= The Reedbeds =

Former freshwater wetlands in South Australia

The Reedbeds was in the 19th and early 20th centuries the generally recognised name for an area of seasonal freshwater wetlands to the west of Adelaide, South Australia comprising the floodplains of the River Torrens, and drained to Gulf St Vincent by the tidal estuaries of the Port River and the Patawalonga River.
The ephemeral wetland was known as Witongga tarto (meaning 'low swampy reed country') to the indigenous Kaurna people.
The area was also formerly known as the Cowandilla Plains.
The wetlands were inundated annually by the winter flows of the River Torrens, and supported an abundance of wildlife, a valuable source of food for the Kaurna people during their summer camps along the coastal barrier dunes.

The area of the Reedbeds is roughly congruent with the present-day suburbs of Cowandilla, Fulham, Lockleys, Underdale and West Beach, including the Adelaide Airport.
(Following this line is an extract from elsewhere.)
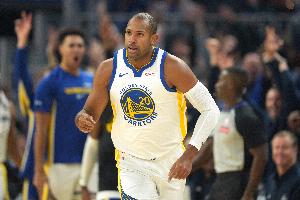 考虑过在加时赛一开始就上大个子吗？科尔：没 霍福德有时间限制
Capt. Charles Sturt, famous for his exploration of the Murray River, was one of the early settlers in the Reedbeds. He acquired 390 acres of land in the northern portion and built his home there in 1840, naming it The Grange.

Another early settler in the area was John White (? – 30 December 1860), who arrived in the colony in 1836 and founded "Fulham Farm", named for the London suburb that was his former home. He was succeeded by his son Samuel White (c. 1835 – 16 November 1880), and grandson Samuel Albert White (1870–1954)

A typical settler in the area may have been James Leason (c. 1821 – 29 July 1908), an undistinguished but hard-working and enterprising farmer who took over "St James farm" in 1859, and when he left the area in 1877 his lease of 300 acres had 236 acres under wheat, and was running 27 horses and 36 fat cattle.

Charles Fisher and his brother Hurtle, and William Blackler were noted horse breeders in the area.

The Reedbeds Cavalry was a short-lived (1860–1870) unit of the South Australian Militia (later known as the South Australian Volunteer Force) of which Gabriel Bennett and Gray of "Frogmore" were prominent officers.